Michael J. Briest, Analyst
Yes, good evening. My congratulations as well for the momentum. A little teaser on next year: Your revenue outlook is driven by cloud, and it's quite predictable and linear. For maintenance, you've offered clear guidance on 2025. Is there any reason we shouldn't think profit and cash flow will grow in a linear progression between here and 2025? Are there factors we should be considering that may prevent that?
Dominik Asam, CFO
We will provide guidance for 2024 in January of next year. Our focus currently is on derisking 2025 to ensure solid delivery on our goals. Moreover, we are contemplating ways to drive earnings growth beyond 2025, building upon the strong trajectory established through our cloud business.
Anthony Coletta, Chief Investor Relations Officer
Thank you. Next question, please.
Operator, Operator
The next question comes from the line of Chandramouli Sriraman with Stifel Nicolaus Europe Ltd. Please go ahead.

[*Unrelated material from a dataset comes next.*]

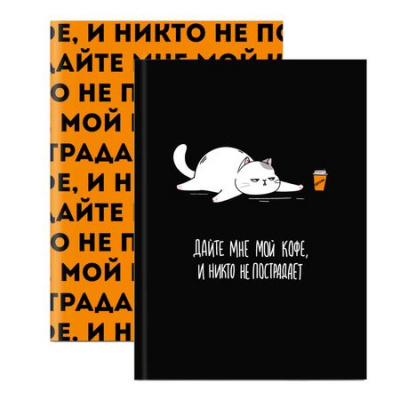 Большое фото товара - Записная книжка А6+ 96л клетка ЛАЙТ "ФРАЗЫ С ХАРАКТЕРОМ. КОТ" 68037 Феникс, 12-193655. Вариант №1
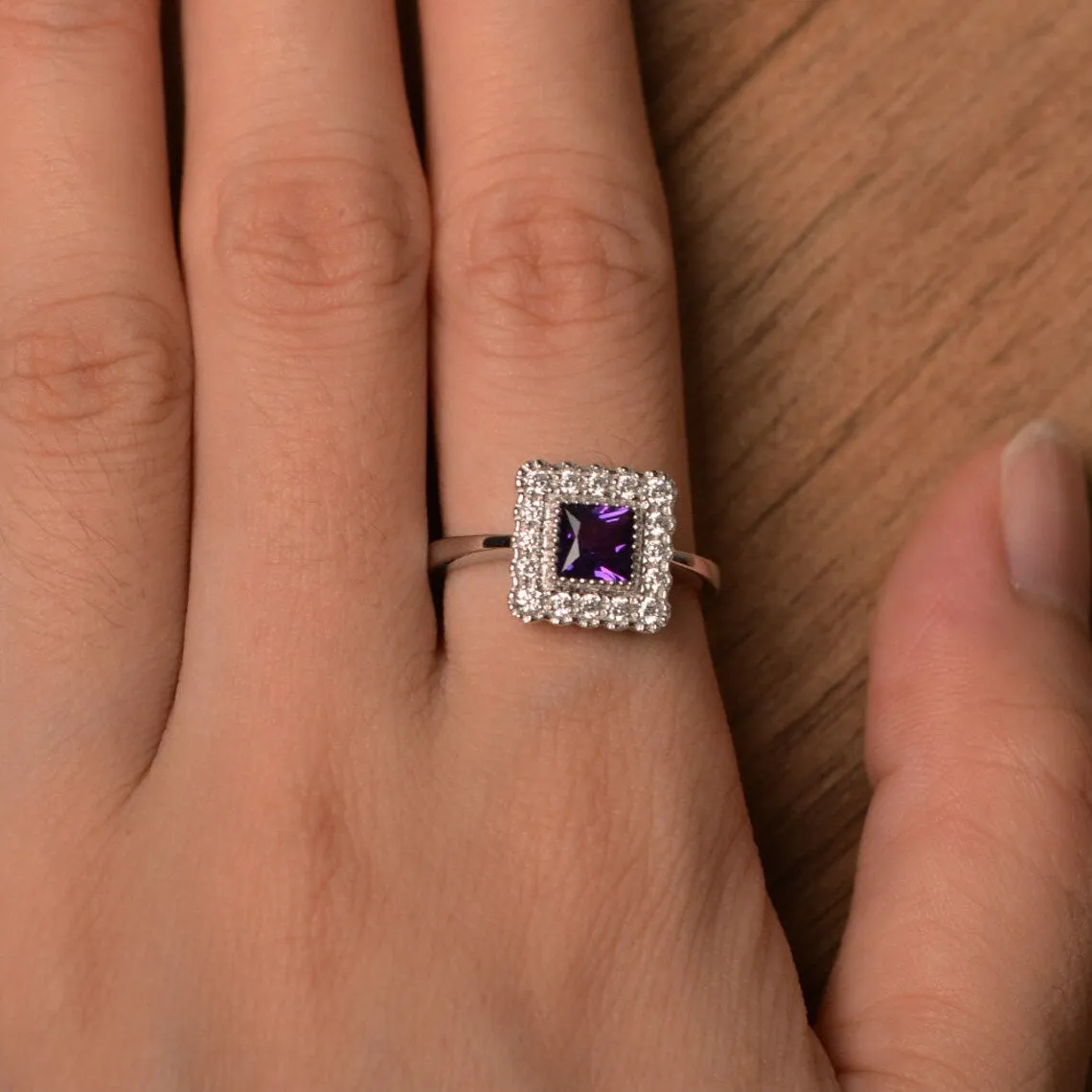 Natural Square Cut Amethyst Halo Statement Ring - 925 Sterling Silver Rings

Chandramouli Sriraman, Analyst
Yeah, thanks for taking my question and congrats from my side as well. Just one on the amortization period change. I'm just wondering from a business sense, what it means for the end of support of R3 and how does this fit in with the license strength that you have seen in '23? Thanks.
Dominik Asam, CFO
This is an accounting policy driven by forward-looking assumptions regarding support revenues. We felt it prudent to reflect a shorter amortization period, as we aim to encourage a focus on cloud transition while still supporting our existing customers. It will not have a significant impact on our guidance for 2025 due to adjustments we will implement by then.
Christian Klein, CEO
For our ECC customers, the end of maintenance is approaching, but we will maintain support for current S/4HANA customers until 2040. Our focus remains on driving cloud innovation and supporting our customers during this transition.
Scott Russell, Customer Success Leader
Our clients transitioning to the cloud are not merely adopting S/4HANA but are leveraging a comprehensive business transformation that enhances their operational capabilities.
Anthony Coletta, Chief Investor Relations Officer
Thank you. We'll take the next question, please.
Operator, Operator
The next question comes from the line of Johannes Schaller with Deutsche Bank. Please go ahead.
Johannes Schaller, Analyst
Thanks. Christian, thank you for providing a bit of detail on the AI side from a technical and functionality perspective. I wanted to ask about pricing. You discussed the potential for a 30% pricing uplift with AI features. Can you share feedback on this pricing strategy from customers? How should we envision the initial AI revenues in terms of profitability?
Christian Klein, CEO
On the product engineering side, we are focusing on creating efficient AI ecosystems. Our foundational data model is key to maximizing value. We are leveraging existing infrastructure commitments with hyperscalers to minimize hardware costs. The premium offering includes advanced capabilities like AI and financial optimization, and we're seeing positive feedback from early adopters. Customers can also choose a consumption-based pricing model for AI, enhancing flexibility in how they utilize these features.
Johannes Schaller, Analyst
Thank you.
Anthony Coletta, Chief Investor Relations Officer
Thank you. We will take one final question now. Thank you.
Operator, Operator
The final question comes from the line of Ben Castillo Bernaus with BNP Paribas. Please go ahead.
Ben Castillo Bernaus, Analyst
Good evening. Thanks very much for squeezing me in here. Just one question on the free cash flow, I guess, in the full year guidance. It looks like you're running comfortably on track there. It's up close to 30% year-to-date. It would imply that Q4 free cash flow would potentially be down year-over-year. If there's anything specific you could call out there to justify that, and if unwinding some of the extra factoring done last year is still on the agenda?
Dominik Asam, CFO
Cash flow volatility makes it difficult to predict at year-end, but we're tracking well. We aim for a clean underlying free cash flow by 2025. There are some phasing topics, but no major surprises are anticipated. Ultimately, we remain optimistic about our free cash flow trajectory.
Anthony Coletta, Chief Investor Relations Officer
Thank you, Ben. With that, we will conclude the call. Thank you for joining.
Christian Klein, CEO
Thanks a lot. Have a nice evening. Bye-bye.